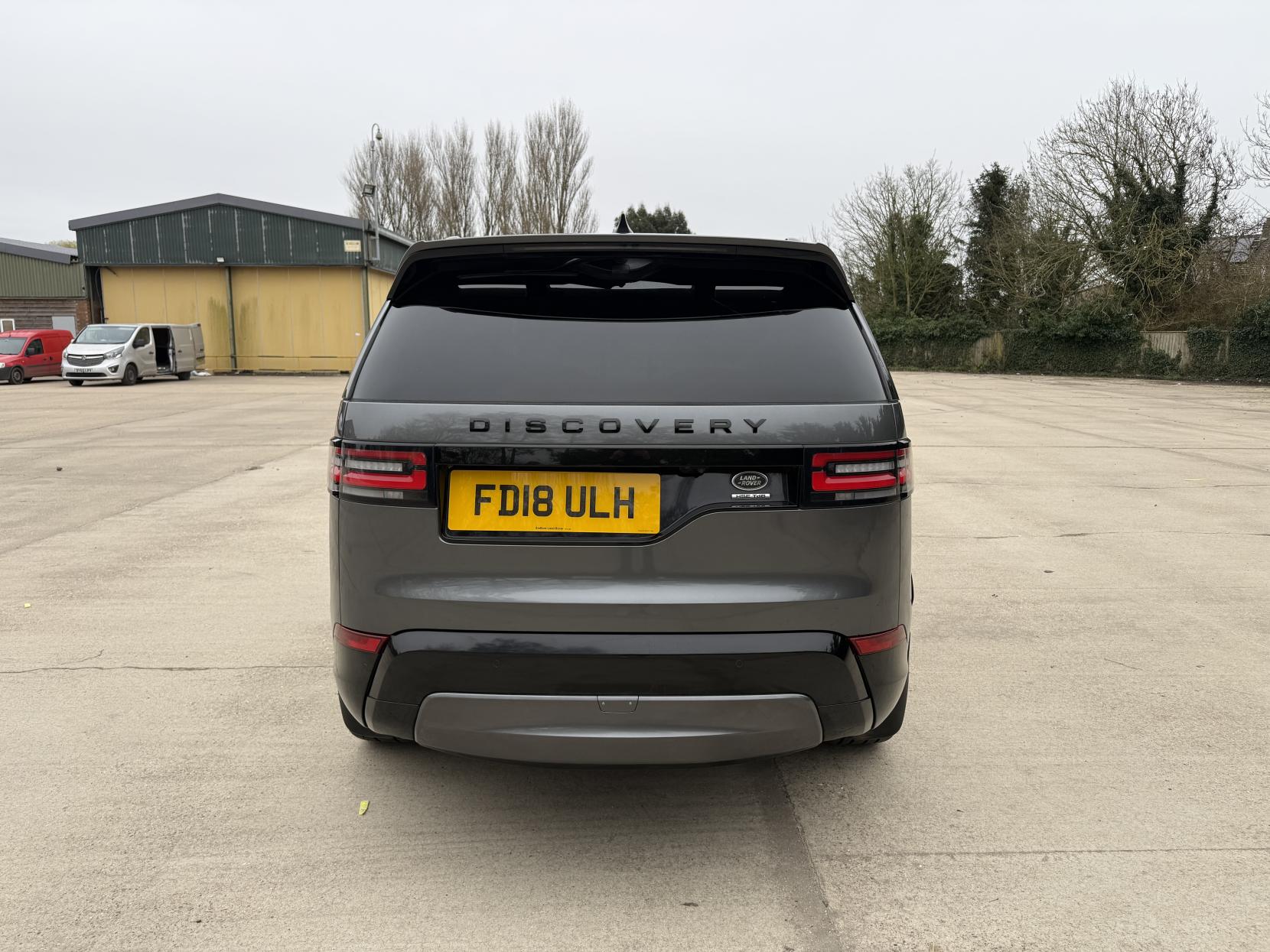 Land Rover Discovery 3.0 TD V6 HSE.VAN Commercial 5dr Diesel Auto 4WD Euro 6 (s/s) (258 ps)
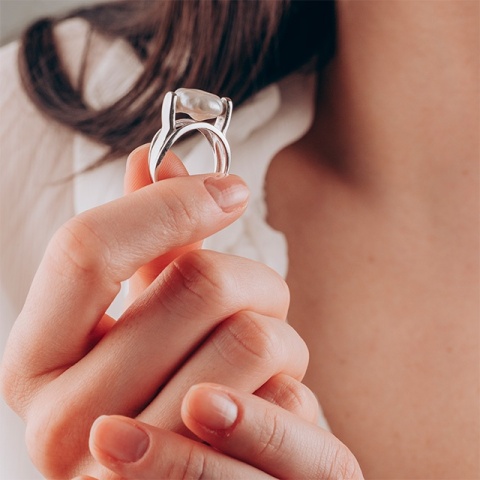 Verstellbarer Ring aus rhodiniertem Sterlingsilber mit Barock-Zuchtperle
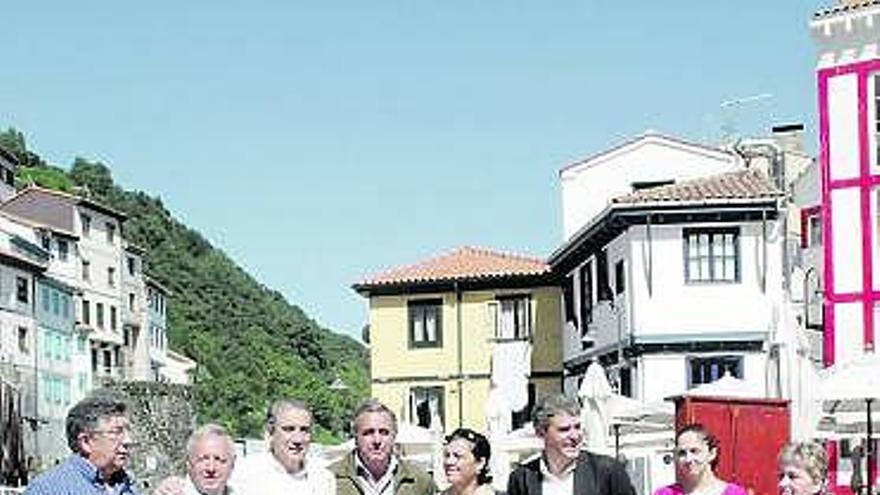 Diputados, concejales y representantes del PP, ayer en Cudillero.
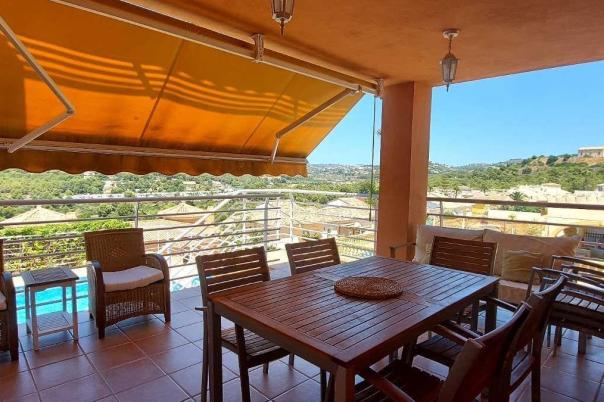 4 bed bungalow in Calpe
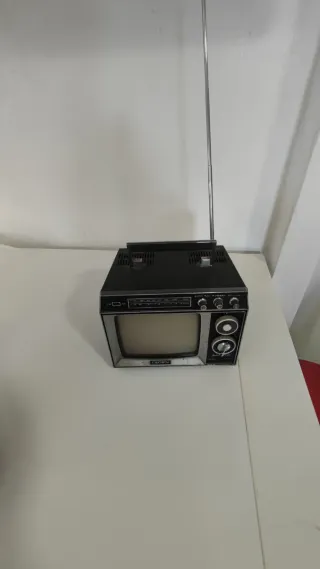 TV y Radio Portátil Crown Vintage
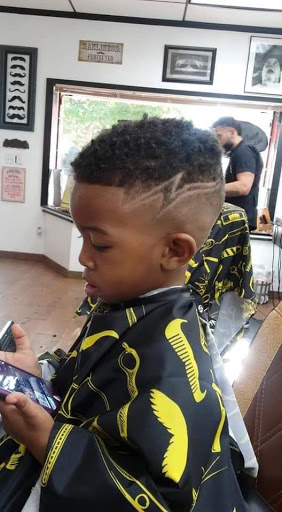 Barber Shop «LEGENDZ CLASSIC BARBER SHOP», reviews and photos, 207 N Center St, Arlington, TX 76011, USA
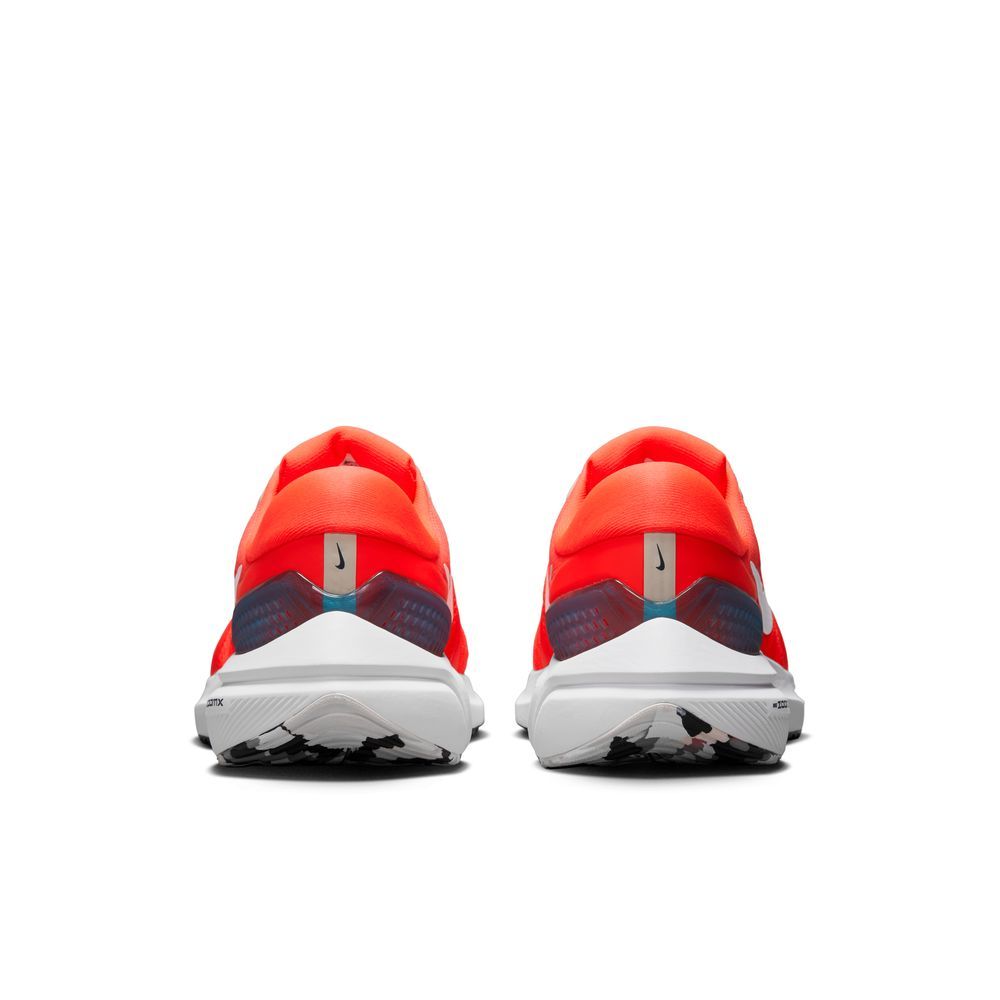 Nike AIR ZOOM VOMERO 16, moški tekaški copati, rdeča | Intersport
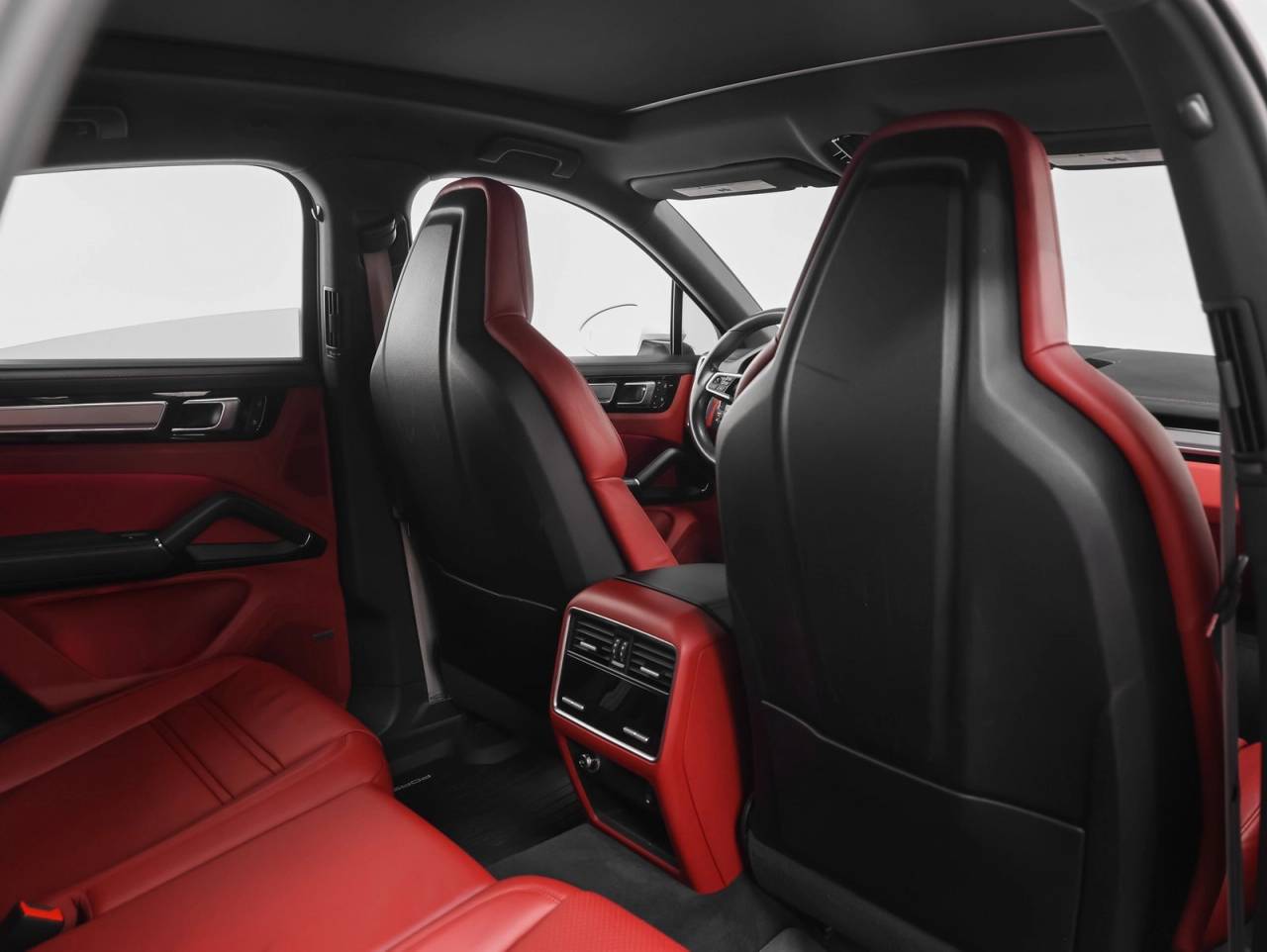 2022 Porsche Cayenne Cayenne Coupe Platinum Edition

■ ■ ■

| TASK ITEM |
Your answer must be the exact lines from the one containing "4 bed bungalow in Calpe" through the last line of the records above, with both included and no pictures.

| RESPONSE AREA |
 4 bed bungalow in Calpe
 TV y Radio Portátil Crown Vintage
 Barber Shop «LEGENDZ CLASSIC BARBER SHOP», reviews and photos, 207 N Center St, Arlington, TX 76011, USA
 Nike AIR ZOOM VOMERO 16, moški tekaški copati, rdeča | Intersport
 2022 Porsche Cayenne Cayenne Coupe Platinum Edition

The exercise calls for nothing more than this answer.